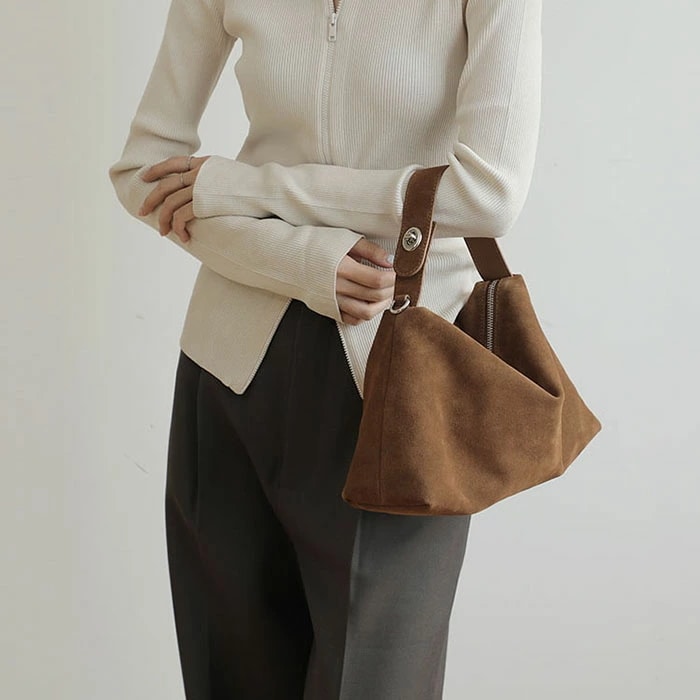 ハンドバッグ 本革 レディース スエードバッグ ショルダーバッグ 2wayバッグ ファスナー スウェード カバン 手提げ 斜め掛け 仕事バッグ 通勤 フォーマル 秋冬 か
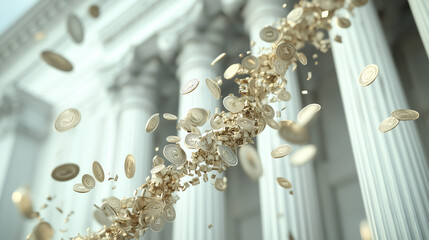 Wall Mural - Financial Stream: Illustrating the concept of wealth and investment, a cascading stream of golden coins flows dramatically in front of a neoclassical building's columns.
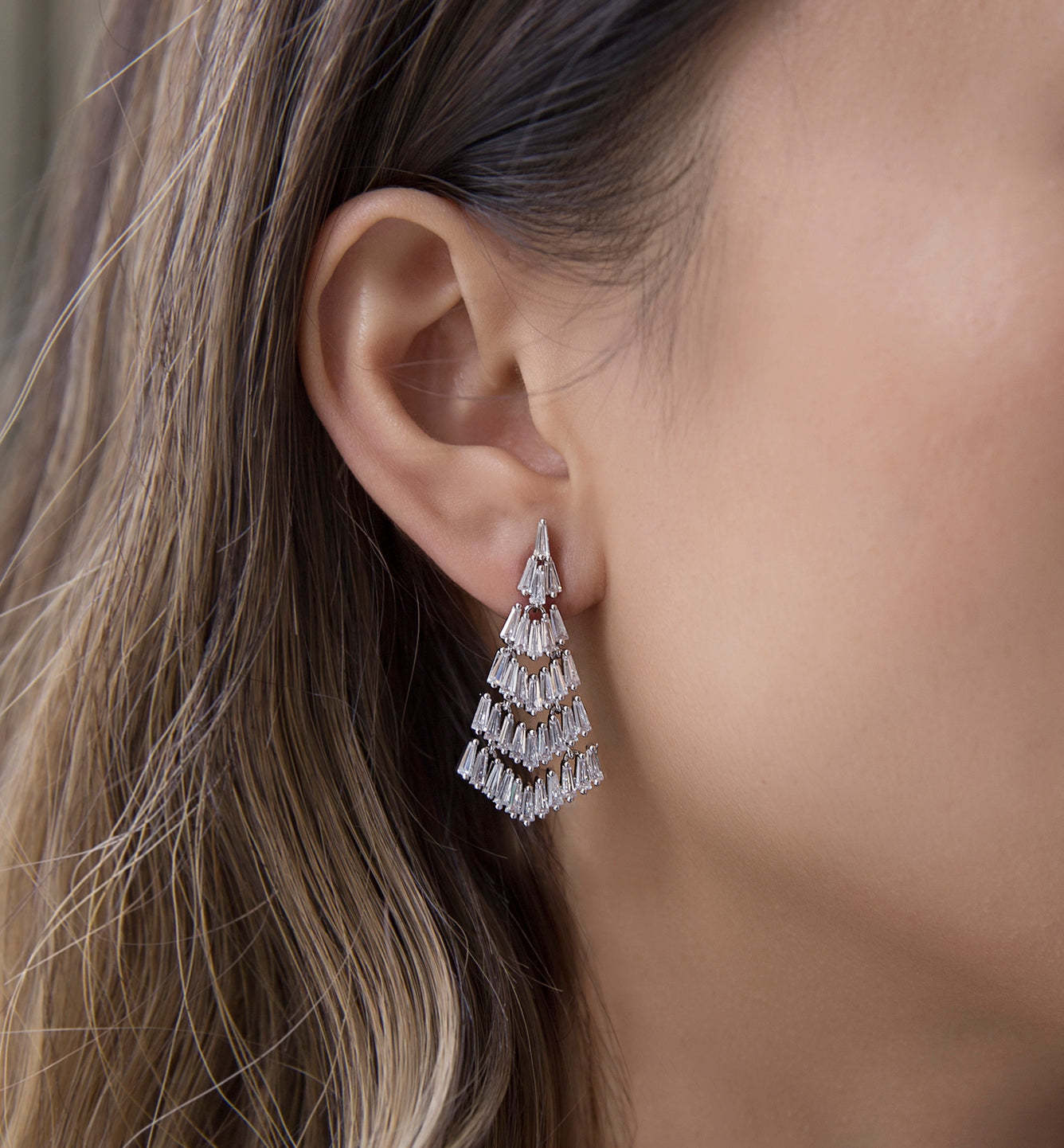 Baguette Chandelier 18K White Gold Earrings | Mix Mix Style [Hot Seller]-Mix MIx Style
#####
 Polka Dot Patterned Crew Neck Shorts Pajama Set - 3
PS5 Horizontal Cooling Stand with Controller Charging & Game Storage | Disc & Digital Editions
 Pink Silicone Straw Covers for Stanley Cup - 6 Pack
#####
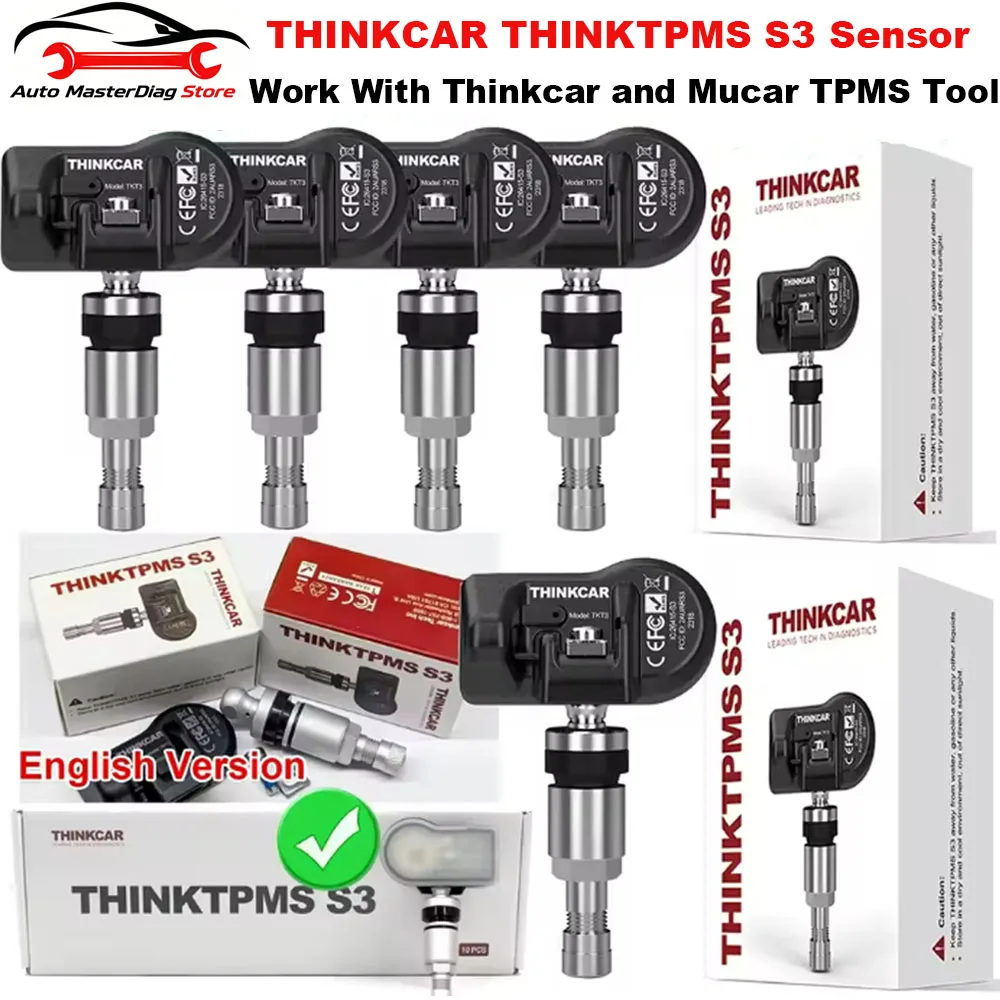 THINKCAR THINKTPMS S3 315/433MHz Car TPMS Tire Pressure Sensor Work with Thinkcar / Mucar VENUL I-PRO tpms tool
#####
Problem details =
Transcribe each line of the data above, unaltered, from the one where "PS5 Horizontal Cooling" appears to the one where "Pink Silicone Straw" appears, inclusive of both.

Response below =
PS5 Horizontal Cooling Stand with Controller Charging & Game Storage | Disc & Digital Editions
 Pink Silicone Straw Covers for Stanley Cup - 6 Pack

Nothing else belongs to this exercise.